I took a break from work to get a some fresh air on Friday. Outside, I noticed on the sidewalk a folded paper. For some reason I felt like I should pick it up. It was a program for a funeral service.
The funeral was for a teenage boy, Jack Denton Reese, held that day, April 27. He was only 17, just a month younger than our youngest daughter. He died a week ago today.
I wonder how that program got from Ogden to Salt Lake City and into my hands. Was it purely by chance?
I do not know the details, but after looking up his obituary online, it appeared from other links that Jack was bullied at school for being gay, and that he committed suicide.
I did not know Jack or his family, but I am deeply saddened by what appears to be the tragic end of a short life. I don't understand his life and I don't judge him.
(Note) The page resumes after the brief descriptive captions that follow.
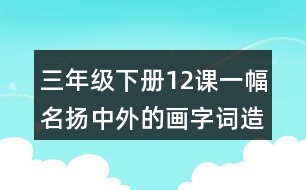 三年級(jí)下冊(cè)12課一幅名揚(yáng)中外的畫(huà)字詞造句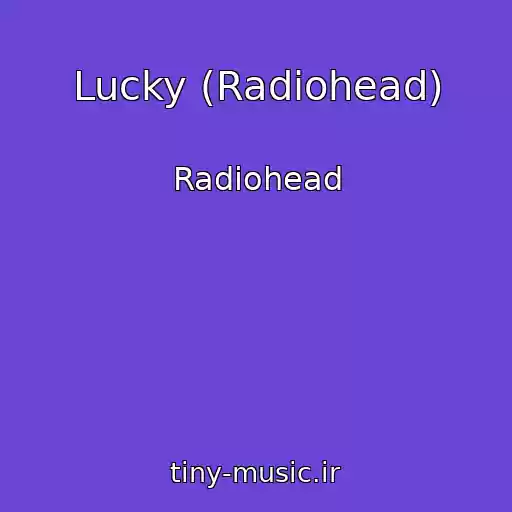 کاور آهنگ Lucky (Radiohead) از Radiohead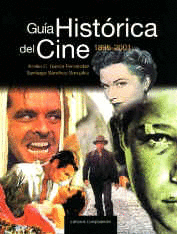 GU�A HIST�RICA DEL CINE 1895-2001
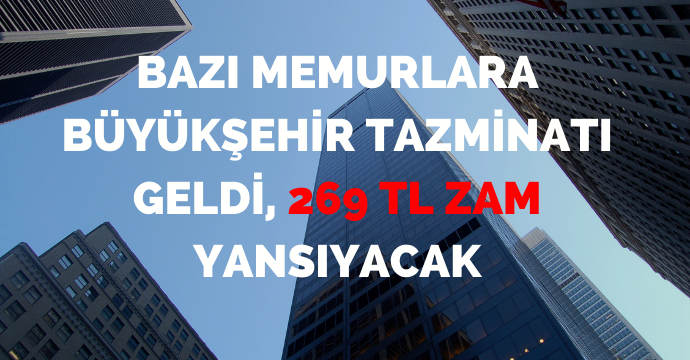 Bazı memurlara büyükşehir tazminatı geldi, 269 TL zam yansıyacak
How could I? What do I know about what led him to the day of his death?
Judgment is always based on pride which is founded on misunderstanding which ultimately can lead to violence, even tragedy.
The longer you live and the more trials, hardships and difficulties you have, the less you feel inclined to judge, and the more you feel compassion, acceptance and love, even for people you don't know.
I don't know what it is like to be gay. I know what it is like to be bullied, though. I know what it is like to feel as if you don't fit in. I know what it is like to be in high school, on the edge of the social circle. I know what it is like to be depressed. I know, even today, what it is like to be overwhelmed.
In what little I know about you, Jack, you were a great young man. Did you drop that program in the street for me to see?
God bless you, Jack, and may He give you rest from all your trials and sorrows.